THE PROBLEM:
Records follow. Print exactly the lines from the one that has "3M PS / XBOX COIN" through the one that has "Eyüp Sabri Akyürek'e", inclusive, and omit the pictures.

THE RECORDS:
┏━━
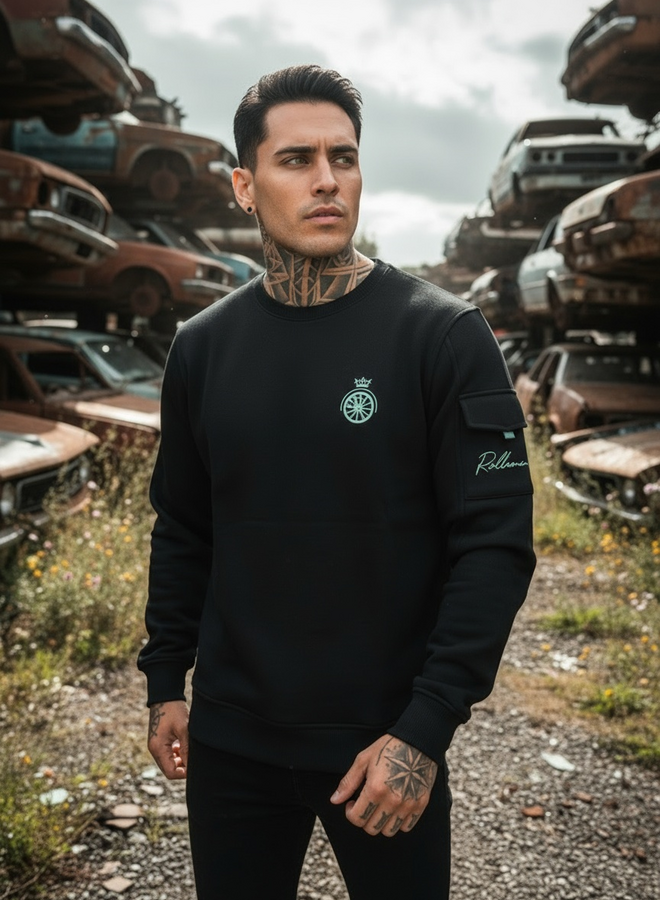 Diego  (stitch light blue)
┗━━
┏━━
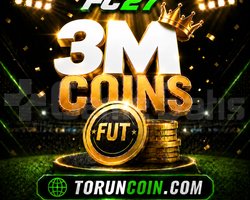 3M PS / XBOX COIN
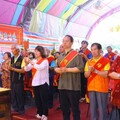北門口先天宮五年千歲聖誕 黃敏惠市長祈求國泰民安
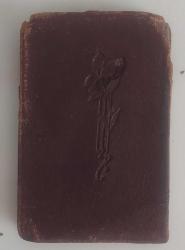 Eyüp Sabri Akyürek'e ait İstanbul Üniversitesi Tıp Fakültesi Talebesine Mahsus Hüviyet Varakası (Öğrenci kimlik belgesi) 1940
┗━━
OUTPUT OF THE TASK:
 3M PS / XBOX COIN
北門口先天宮五年千歲聖誕 黃敏惠市長祈求國泰民安
 Eyüp Sabri Akyürek'e ait İstanbul Üniversitesi Tıp Fakültesi Talebesine Mahsus Hüviyet Varakası (Öğrenci kimlik belgesi) 1940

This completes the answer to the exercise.